How to Invest in Waste

March 2, 2022, 5:13 am

The problem of proliferating waste is one with which almost everyone is familiar with.


There are still some surprises, however: for example, did you know that 60% of clothing is buried or burned within a year of being made, 33% of edible food is thrown away uneaten and 50% of all plastics are single-use?



The World Bank predicts that waste levels could be growing twice as fast as the global population by 2050—but that expansion also creates growth opportunities for investors



Global Waste Management Initiatives

Our throwaway lifestyles already generate vast amount of waste and the garbage heap is set to grow even more rapidly as emerging markets develop a taste for Western consumerism. While the planet’s richest countries are now generally getting more conscious of their disposable societies’ environmental impact, the US remains the world’s worst offender in terms of waste per capita, thanks in part to its infamously poor recycling rates.





Maximum use of products must be made if the world is to avoid being overwhelmed with waste. This requires moving away from the linear ‘take-make-waste’ model of modernity towards a more ‘circular’ economy. As well as focusing on greater reuse of waste as a new resource, the circular economy aims to extend the life of existing products and encouraging wider principles of leasing and sharing.



Many companies around the world are already developing new techniques that treat waste as a treasure trove of raw material—for example, cockroach factories that turn food waste into cosmetics, manure piles as an energy resource and coffee pods becoming bicycles. Such circular economy initiatives appear to make economic sense as well.




A circular economy is an economic system that tackles global challenges like climate change, biodiversity loss, waste, and pollution.



Most linear economy businesses take a natural resource and turn it into a product which is ultimately destined to become waste because of the way it has been designed and made.
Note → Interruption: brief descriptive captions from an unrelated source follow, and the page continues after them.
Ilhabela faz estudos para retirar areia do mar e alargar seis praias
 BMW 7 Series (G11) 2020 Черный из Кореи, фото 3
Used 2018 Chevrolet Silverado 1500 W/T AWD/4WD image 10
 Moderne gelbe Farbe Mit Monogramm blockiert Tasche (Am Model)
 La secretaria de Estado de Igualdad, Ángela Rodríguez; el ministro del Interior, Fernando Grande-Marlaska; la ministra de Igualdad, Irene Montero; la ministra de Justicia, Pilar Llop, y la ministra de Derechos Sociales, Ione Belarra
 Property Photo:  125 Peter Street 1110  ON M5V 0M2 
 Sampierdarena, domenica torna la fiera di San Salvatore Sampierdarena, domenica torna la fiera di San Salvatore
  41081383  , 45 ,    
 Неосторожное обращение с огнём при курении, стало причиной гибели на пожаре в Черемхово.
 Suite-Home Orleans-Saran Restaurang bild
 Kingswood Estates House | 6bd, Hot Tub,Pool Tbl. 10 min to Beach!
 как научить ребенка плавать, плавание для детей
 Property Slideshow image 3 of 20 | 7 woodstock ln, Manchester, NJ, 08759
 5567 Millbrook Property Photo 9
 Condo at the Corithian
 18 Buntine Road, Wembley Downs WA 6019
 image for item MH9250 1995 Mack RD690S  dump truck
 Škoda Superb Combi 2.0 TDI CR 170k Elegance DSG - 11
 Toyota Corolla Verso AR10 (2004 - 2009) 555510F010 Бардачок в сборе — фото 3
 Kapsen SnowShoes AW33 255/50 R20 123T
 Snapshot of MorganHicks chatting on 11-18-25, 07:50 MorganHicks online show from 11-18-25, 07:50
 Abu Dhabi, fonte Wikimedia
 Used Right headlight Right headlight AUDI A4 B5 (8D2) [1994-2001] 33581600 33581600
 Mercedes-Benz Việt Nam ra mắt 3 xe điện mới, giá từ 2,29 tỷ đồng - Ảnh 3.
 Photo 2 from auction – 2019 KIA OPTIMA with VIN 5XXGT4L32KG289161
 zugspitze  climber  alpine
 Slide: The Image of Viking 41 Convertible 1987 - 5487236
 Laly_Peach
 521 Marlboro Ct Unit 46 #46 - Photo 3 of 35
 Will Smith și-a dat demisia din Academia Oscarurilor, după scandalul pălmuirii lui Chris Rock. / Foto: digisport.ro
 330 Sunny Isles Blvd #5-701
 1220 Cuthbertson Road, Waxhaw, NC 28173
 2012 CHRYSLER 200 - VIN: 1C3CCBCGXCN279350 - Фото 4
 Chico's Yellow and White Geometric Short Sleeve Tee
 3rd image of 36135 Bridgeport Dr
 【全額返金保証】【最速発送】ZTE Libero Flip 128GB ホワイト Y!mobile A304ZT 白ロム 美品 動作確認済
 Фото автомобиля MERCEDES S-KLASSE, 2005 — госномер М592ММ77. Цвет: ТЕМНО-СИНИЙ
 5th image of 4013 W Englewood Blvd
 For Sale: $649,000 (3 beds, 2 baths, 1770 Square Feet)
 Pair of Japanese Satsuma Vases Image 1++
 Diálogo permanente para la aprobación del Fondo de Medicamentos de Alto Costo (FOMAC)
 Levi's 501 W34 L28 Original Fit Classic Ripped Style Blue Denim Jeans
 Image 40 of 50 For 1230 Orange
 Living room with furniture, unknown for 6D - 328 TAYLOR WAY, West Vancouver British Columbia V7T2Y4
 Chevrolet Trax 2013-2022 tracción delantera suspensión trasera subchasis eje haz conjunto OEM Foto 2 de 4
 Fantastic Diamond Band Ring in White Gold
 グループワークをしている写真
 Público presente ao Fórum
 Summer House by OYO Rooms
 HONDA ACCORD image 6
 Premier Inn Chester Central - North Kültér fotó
This process is often summarized by "take, make, waste". By contrast, a circular economy employs reuse, sharing, repair, refurbishment, remanufacturing and recycling to create a closed-loop system, minimizing the use of resource inputs and the creation of waste, pollution and carbon emissions.



The Ellen MacArthur Foundation estimates that the adoption of circular principles in Europe alone could offer annual benefits of $2 trillion by 2030, while they could help Chinese businesses and households save $10 trillion a year by 2040.


Why Should You Be Concerned

Waste as an investment theme seems to be catching on lately. Money managed in public stock funds focused on the circular economy has increased six times since the start of 2020, swelling to over $2 billion. It may be no coincidence that these funds also outperformed their benchmarks by an average of 5% points in the first half of 2021. This is an admittedly short time farm, and most funds don’t yet have proven track records. Still, such investment opportunities are certainly increasing—and they could potentially offer you handsome returns.



Longer-term data also seem supportive: in the UK, companies in the waste sector have consistently created more value than the overall economy for much of the past two decades.



How to Invest in Waste

The simplest and cheapest way to invest is through an exchange-traded fund (ETF). French bank BNP Paribas launched its Easy ECPI Circular Economy Leaders ETF in 2019, tracking an index of the top 50 major global corporations with exposure to the opportunities offered by an increasingly circular economic model.



You could also park your money into an actively managed—but also more expensive—fund, run by a professional investor selecting stock they think will outperform the market. One of the world’s largest asset managers, BlackRock, launched the BGF Circular Economy Fund last year.


While the investment options are relatively plentiful, however, skeptics say the general theme still isn’t big enough to buy into just yet. They argue that many of the young companies developing innovative techniques to recycle and reuse rubbish aren’t yet listed on the stock markets. Companies that are currently included in funds, meanwhile, include those that are transitioning towards a circular economy—but may still consume many raw materials or generate high carbon emissions. The index tracked by the BNP Paribas ETF, for example, features names which investors might not immediately associate with waste reduction. Among its top constituents are serial sneaker shipper Nike and machinery manufacturer Caterpillar; while both firms are making environmental strides, they remain big consumers for now.



Unfortunately, the difficulty of finding ‘pure-play’ companies is one which often occurs in sustainable investing. So, if you do decide to square your investments with the circular economy, don’t waste the opportunity to pick wisely.